Not everyone is interested in making endless finance payments on a new car they will never actually own. So we introduced the Retro Road Test – covering everything from classic cars to less exalted older vehicles you might consider buying.

Austin Metro RRT

The first car to get the Retro Road Test treatment was a very popular model in its time, but it has almost vanished from the roads today. Some may even dispute its classic status – but it was a turning-point when launched in 1980. Yes, it’s the Austin Metro.

Austin Metro: what are its rivals?

Austin Metro RRT

The Austin Metro was initially intended as a successor to the Mini. But British Leyland (BL) panicked at the last minute. The Mini was an icon, and early feedback on the Metro’s design sketches wasn’t positive enough to risk giving it the ‘Mini’ name.

There was a solution, however. Manufacturers were creating a new segment: the supermini, led by the likes of the new Ford Fiesta. Customers loved them – they were economical and great around town, yet they could also cope on the expanding motorway network. So all BL had to do was to make the Mini Metro slightly bigger than planned, and slot it above the Mini and below the Allegro in its line-up.

Austin Metro: which engines does it use?

Austin Metro RRT

The Metro we’re testing here is fitted with the more powerful 1,275cc A-plus engine (a smaller 1.0-litre powertrain was also available). It’s a reliable unit that likes to be worked hard. Do so and it will comfortably keep up with modern traffic.

On motorways, it can be pushed beyond 70mph, but sticking closer to 60mph makes for a more relaxing journey.

Austin Metro: what’s it like to drive?

Austin Metro RRT

The handling is fun – the Metro likes to go around corners, but it does feel less planted than a Mini. It rolls in a way that modern cars simply don’t, but its tiny 12-inch tyres offer a decent amount of grip.

The steering position feels awkward at first. The wheel seems almost horizontal: more akin to a bus than a small car. But the seats are comfortable and the feeling of space inside the cabin is remarkable – helped by the large windows and thin roof pillars.

Austin Metro: reliability and running costs

Austin Metro RRT

The example we’re testing is a Metro HLE from 1983. The HLE was launched in response to rising fuel prices – it was the eco model of its day, arguably ahead of its time. It featured a longer fourth gear than the standard car, helping it return better fuel economy at high speeds. The fourth ratio was renamed the ‘E’ gear.

Combined with the 1.3-litre engine, Austin Rover made bold claims about the HLE’s fuel consumption. It returned an impressive (even by today’s standards) 57.8mpg at a steady 56mph. In reality, it’ll comfortably return mid-40s miles per gallon today, while other running costs should be very low.

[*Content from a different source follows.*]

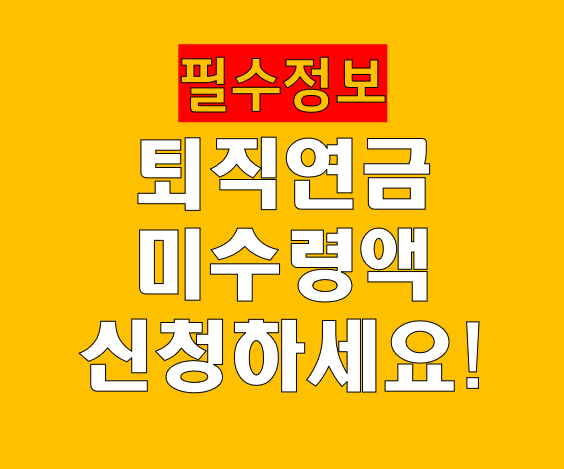 퇴직연금 조회 신청 방법 미수령 미청구 퇴직연금 찾기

Classic insurance companies will cover the Metro very cheaply, while parts are often shared with other BL products and are easy to track down.

Austin Metro: could I drive it every day?

Considering how much smaller the Austin Metro is than modern superminis, it’s amazingly practical. The rear seats fold down – unusual for its time – and four adults can fit in the Metro comfortably (OK, we might expect a few complaints on a longer journey).

However, with numbers declining so rapidly, it would be a shame to use a Metro every day. It’d cope with it – but the whine of the gearbox in lower gears would soon lose its charm, and you’d probably get bored of being intimidated by giant Vauxhall Astras on your daily commute. And then there’s the rust – winter wouldn’t be kind to a Metro.

Austin Metro: how much should I pay?

Austin Metro RRT

Metros are cheap – especially when you consider how much a Mini of the same era would cost. Slightly ropey examples can be picked up from as little as £1,000, while twice that should get you a usable project.

You’re looking at £5,000 for a minter, while a rare MG Metro Turbo might cost up to £10,000.

Austin Metro: what should I look out for?

Austin Metro RRT

Don’t worry too much about the mechanicals – the A-plus engine is fairly bulletproof, although a good service history is always nice for peace of mind. Watch out for sagging suspension, although this can be sorted fairly cheaply.

The Metro’s biggest issue is rust. Check the floor pans and sills carefully, as well as around the front wings and front valance.

Austin Metro: should I buy one?

Austin Metro RRT

If you’re after an entry-level classic car that will turn heads and encourage people to reminisce, a Metro is definitely worthy of consideration. It wasn’t class-leading in its day, and some people simply won’t get why you’d want a Metro now. But can you think of a more significant classic you can pick up so cheaply?

More than two million Metros were sold between 1980 and 1997 (including the rebadged Rover 100 models) – but only around 300 Austin versions are still taxed on UK roads. If you want to save a rare but significant British car, this is your chance.

Austin Metro: pub fact

Austin Metro RRT

The four-wheel-drive MG Metro 6R4 rally car shares little with the road car apart from its name. Created for the wild (and subsequently banned) Group B category, the 6R4 was powered by the same 3.0-litre V6 engine that later appeared in the Jaguar XJ220.

It produced 416hp – and customers could buy homologated versions from around £40,000.